TRY IT:
Lines to restate from the data below: from the one containing "BASS TIPS BROUGHT" to the one containing "Just A Boy Who", both included. Give them again exactly, and only them.

EXTRACTED ENTRIES:
::::::

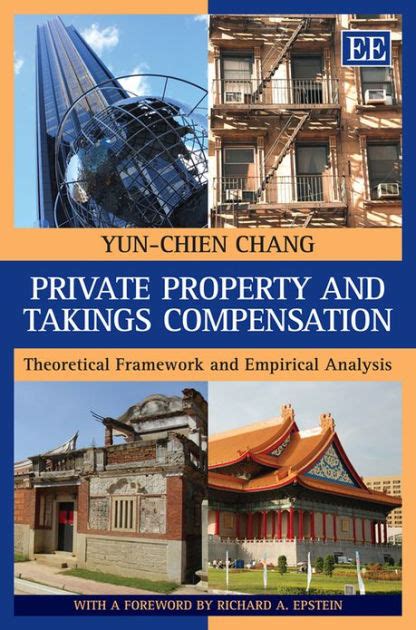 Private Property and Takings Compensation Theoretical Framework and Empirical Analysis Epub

::::::

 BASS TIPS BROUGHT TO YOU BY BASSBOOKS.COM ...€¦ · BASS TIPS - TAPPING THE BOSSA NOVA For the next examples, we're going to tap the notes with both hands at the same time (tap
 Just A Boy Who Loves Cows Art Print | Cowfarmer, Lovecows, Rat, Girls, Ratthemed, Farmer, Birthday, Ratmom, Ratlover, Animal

::::::

OUTPUT:
 BASS TIPS BROUGHT TO YOU BY BASSBOOKS.COM ...€¦ · BASS TIPS - TAPPING THE BOSSA NOVA For the next examples, we're going to tap the notes with both hands at the same time (tap
 Just A Boy Who Loves Cows Art Print | Cowfarmer, Lovecows, Rat, Girls, Ratthemed, Farmer, Birthday, Ratmom, Ratlover, Animal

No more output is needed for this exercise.